In terms of the sounds themselves, these are split into 16 categories; Drums,
 Guitar, Piano, Electric Piano, Organ, Chromatic, Strings, Brass, Woodwinds, Lead Synth, Synth Pad, Voices, Ethnic, Percussion, and Sound FX. The free version of the app is supplied with a single sound in each category purely for demonstration purposes but the paid version, at UK£13.99, comes with around 140 instruments. If you happen to own an iRig MIDI device, you can add a further 48 instruments when you register it.

SampleTank; a broad palette of sounds and MIDI performances in the paid version with more available via IAPs.

SampleTank; a broad palette of sounds and MIDI performances in the paid version with more available via IAPs.

However, there are also a large number of in-app-purchases that allow you to add even more instruments. These include an ‘All Sounds Pack’ option (UK£27.99) plus two premium packs – the Miroslav Philharmonik Mobile Edition and the Sample Moog Mobile Edition (both UK£13.99) – that obviously expand the sonic possibilities. The Miroslav option is one that may well interest quite a lot of potential users as one of the consequences of it being more difficult to construct detailed sample-based instruments given the iPad’s more restricted storage capacity is that realistic sampled-based orchestral instruments are a bit thin on the ground.

In addition, for each instrument category, SampleTank is supplied with a collection of what are essentially MIDI loops. Once you load an instrument you can, therefore, trigger the playback of one of these ‘grooves’ from the set associated with that instrument category. And as the app includes the ability to create presets based upon a set of up to four instrument/groove combinations, and as you can then trigger these presets in real-time, you could easily imagine building a song idea or performance from them. Equally, you can trigger grooves on the fly via the touchscreen and the app also includes a four-track MIDI recording function.

In terms of sheer power or features or even sample depth, SampleTank for iOS is not going to challenge the leading desktop sample-playback engines anytime soon. However, as a source of sample-based sounds for composers or performers or songwriters, personally I think it is the best ‘all-in-one’ solution iOS currently has to offer. It is well-featured, generally easy to use and, providing you are willing to invest in some of the additional content (which does, of course, raise the overall price), stuffed full of very useable sounds. It is also a universal app so works with both iPad and iPhone.


soundfont pro logoSoundFont Pro

In essence, SoundFont Pro (UK£6.99) is a four-part multi-timbral sample-based virtual instrument for iPad. As we will see in a minute, there is actual more to it than that but what this means is that the app can respond to as many as four different MIDI channels at once, meaning that you could easily build a four-part (sound) musical arrangement with a single instance of the app (providing, of course, you had a suitable MIDI sequencer running alongside SoundFont Pro).

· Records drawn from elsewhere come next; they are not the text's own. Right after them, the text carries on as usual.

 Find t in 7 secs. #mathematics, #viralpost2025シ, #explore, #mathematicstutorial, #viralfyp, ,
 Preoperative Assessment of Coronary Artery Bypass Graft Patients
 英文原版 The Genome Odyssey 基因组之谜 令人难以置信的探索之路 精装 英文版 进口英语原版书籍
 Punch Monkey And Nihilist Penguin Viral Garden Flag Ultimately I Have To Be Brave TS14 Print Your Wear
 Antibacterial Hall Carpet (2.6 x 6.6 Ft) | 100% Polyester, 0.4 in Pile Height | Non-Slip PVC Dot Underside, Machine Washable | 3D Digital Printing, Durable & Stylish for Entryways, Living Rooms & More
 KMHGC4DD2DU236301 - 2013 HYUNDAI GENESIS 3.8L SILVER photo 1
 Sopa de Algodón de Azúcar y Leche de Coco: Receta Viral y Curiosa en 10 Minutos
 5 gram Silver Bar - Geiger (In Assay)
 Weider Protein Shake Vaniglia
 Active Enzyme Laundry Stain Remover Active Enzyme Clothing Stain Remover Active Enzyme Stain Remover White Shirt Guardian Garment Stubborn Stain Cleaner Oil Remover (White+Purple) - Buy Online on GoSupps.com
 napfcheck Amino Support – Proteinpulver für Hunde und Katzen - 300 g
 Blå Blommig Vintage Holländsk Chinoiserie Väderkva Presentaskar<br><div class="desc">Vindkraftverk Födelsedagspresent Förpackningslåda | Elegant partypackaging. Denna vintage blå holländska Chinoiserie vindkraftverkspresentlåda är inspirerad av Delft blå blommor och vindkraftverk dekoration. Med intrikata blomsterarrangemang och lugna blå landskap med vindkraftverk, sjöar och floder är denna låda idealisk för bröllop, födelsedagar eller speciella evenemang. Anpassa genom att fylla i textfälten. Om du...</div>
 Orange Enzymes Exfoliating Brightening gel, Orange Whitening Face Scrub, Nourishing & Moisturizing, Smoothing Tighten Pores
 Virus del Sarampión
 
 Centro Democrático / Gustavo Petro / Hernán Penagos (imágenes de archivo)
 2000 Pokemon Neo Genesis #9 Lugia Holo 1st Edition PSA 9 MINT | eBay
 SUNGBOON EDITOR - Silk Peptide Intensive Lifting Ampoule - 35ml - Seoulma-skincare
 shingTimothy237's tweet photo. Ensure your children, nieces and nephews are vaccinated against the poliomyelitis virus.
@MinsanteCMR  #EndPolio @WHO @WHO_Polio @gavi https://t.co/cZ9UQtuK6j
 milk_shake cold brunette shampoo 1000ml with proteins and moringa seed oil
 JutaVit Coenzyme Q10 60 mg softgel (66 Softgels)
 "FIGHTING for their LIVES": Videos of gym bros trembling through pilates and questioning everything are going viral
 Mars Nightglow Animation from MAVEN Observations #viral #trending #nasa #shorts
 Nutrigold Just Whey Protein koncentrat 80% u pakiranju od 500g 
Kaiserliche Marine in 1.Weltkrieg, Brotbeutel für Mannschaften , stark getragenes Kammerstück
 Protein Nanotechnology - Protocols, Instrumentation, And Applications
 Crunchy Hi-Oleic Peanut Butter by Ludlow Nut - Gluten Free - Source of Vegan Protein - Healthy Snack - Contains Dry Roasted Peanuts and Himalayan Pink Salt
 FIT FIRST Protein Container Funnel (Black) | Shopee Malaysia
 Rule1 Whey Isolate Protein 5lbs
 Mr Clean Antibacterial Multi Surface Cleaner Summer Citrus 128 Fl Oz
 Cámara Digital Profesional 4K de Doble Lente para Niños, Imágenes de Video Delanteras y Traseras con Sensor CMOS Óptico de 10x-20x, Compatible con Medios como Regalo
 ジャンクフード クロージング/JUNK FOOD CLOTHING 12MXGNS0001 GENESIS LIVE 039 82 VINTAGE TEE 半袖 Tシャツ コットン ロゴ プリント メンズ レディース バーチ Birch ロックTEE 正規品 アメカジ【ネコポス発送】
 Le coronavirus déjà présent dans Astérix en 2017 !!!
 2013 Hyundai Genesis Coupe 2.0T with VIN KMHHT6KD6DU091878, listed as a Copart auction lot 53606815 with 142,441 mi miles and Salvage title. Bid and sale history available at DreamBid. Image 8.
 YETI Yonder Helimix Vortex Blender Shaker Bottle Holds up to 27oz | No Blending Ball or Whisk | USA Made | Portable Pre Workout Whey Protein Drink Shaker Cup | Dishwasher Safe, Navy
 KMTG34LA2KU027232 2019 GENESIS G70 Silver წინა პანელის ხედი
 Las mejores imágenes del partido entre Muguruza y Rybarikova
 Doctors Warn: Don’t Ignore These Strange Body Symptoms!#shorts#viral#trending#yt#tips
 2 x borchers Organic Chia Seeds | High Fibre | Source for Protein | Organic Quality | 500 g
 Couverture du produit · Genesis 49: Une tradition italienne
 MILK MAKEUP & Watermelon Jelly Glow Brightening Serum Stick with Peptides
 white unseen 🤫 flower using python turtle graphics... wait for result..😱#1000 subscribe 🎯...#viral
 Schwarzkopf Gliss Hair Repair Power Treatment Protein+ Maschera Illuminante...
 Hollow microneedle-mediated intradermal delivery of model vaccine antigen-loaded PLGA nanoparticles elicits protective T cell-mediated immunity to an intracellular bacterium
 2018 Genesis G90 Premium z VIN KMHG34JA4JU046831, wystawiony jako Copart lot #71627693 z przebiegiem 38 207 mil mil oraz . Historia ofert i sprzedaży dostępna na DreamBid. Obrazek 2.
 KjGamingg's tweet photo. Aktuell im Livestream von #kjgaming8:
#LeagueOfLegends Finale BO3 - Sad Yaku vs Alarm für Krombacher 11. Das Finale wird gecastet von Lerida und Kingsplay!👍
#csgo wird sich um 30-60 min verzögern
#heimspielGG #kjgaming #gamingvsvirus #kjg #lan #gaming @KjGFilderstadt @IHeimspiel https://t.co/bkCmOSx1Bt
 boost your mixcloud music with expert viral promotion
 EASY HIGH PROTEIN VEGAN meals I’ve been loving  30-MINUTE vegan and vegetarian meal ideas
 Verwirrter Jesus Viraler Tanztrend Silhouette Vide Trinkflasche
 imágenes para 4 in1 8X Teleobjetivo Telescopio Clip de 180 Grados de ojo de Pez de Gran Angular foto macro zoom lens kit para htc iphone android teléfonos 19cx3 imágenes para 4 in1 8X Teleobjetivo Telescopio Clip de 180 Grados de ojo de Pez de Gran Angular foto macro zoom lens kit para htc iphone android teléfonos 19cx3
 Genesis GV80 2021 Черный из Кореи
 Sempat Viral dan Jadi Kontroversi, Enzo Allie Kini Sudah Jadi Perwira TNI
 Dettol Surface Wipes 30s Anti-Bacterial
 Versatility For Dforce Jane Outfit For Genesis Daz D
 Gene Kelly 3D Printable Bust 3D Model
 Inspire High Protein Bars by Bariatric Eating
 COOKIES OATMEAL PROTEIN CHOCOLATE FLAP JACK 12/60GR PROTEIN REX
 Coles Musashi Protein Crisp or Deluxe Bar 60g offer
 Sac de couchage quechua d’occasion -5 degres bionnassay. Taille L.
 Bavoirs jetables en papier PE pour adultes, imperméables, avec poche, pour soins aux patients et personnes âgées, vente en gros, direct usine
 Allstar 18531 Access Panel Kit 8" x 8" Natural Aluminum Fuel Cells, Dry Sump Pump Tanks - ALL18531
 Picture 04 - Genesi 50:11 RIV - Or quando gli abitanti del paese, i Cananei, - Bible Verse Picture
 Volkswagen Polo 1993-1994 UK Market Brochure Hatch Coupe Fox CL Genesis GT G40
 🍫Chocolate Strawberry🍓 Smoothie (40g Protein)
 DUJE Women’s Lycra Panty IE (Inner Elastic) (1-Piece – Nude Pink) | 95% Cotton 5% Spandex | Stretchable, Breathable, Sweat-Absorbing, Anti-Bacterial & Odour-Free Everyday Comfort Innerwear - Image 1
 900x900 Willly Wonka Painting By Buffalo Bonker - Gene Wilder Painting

SoundFont Pro is so named because it makes use of a sample format know as the soundfont. This was created back in the day when even desktop computers couldn’t cope with large sample sets and it is generally a compact sample format. However, it got quite a cult following and, as a result, lots of user-created soundfont sample sets can be found scattered around the internet. This is a great way of expanding your sound sources for little or no additional cost and such soundfonts can be loaded into SoundFont Pro for use in your own music projects.

One nice extra twist in SoundFont Pro is that within collection of sounds you have loaded into it at any one time (the app refers to this as an ‘arrangement’) you can specify four ‘zones’. Each zone can be thought of as a keyboard split – a range of notes across the full span of an 88 note piano keyboard – within which the zone is active.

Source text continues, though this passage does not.